_Work required_
Beginning at the line that contains "Hello. Welcome back", reproduce the entries below exactly, ending with the line that contains "One thing I". Omit each picture.

_Dataset_
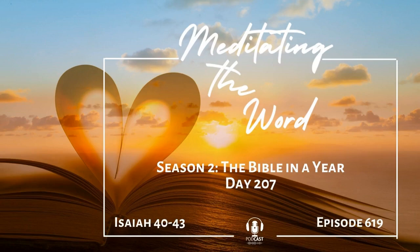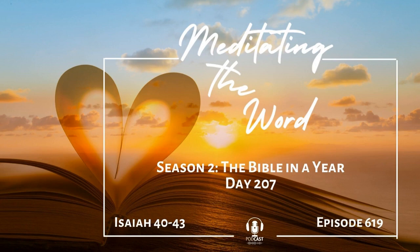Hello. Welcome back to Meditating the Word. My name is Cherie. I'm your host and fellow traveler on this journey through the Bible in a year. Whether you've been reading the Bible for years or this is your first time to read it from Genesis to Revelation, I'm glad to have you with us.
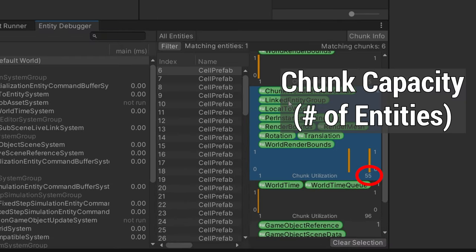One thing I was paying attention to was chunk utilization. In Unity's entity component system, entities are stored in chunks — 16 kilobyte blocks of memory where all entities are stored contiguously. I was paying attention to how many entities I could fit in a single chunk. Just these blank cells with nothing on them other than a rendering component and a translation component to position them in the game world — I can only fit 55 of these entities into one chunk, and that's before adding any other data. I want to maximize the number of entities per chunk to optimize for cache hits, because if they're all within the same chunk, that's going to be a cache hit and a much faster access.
==
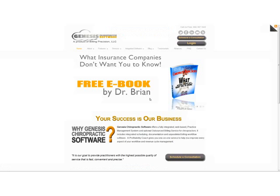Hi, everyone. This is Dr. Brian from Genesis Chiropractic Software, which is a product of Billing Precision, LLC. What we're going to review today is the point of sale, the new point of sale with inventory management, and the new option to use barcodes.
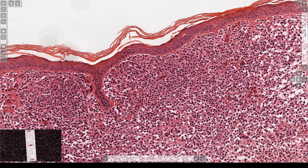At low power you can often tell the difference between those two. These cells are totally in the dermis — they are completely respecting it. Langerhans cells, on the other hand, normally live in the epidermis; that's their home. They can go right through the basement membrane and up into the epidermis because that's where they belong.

_Finished exercise_
Hello. Welcome back to Meditating the Word. My name is Cherie. I'm your host and fellow traveler on this journey through the Bible in a year. Whether you've been reading the Bible for years or this is your first time to read it from Genesis to Revelation, I'm glad to have you with us.
One thing I was paying attention to was chunk utilization. In Unity's entity component system, entities are stored in chunks — 16 kilobyte blocks of memory where all entities are stored contiguously. I was paying attention to how many entities I could fit in a single chunk. Just these blank cells with nothing on them other than a rendering component and a translation component to position them in the game world — I can only fit 55 of these entities into one chunk, and that's before adding any other data. I want to maximize the number of entities per chunk to optimize for cache hits, because if they're all within the same chunk, that's going to be a cache hit and a much faster access.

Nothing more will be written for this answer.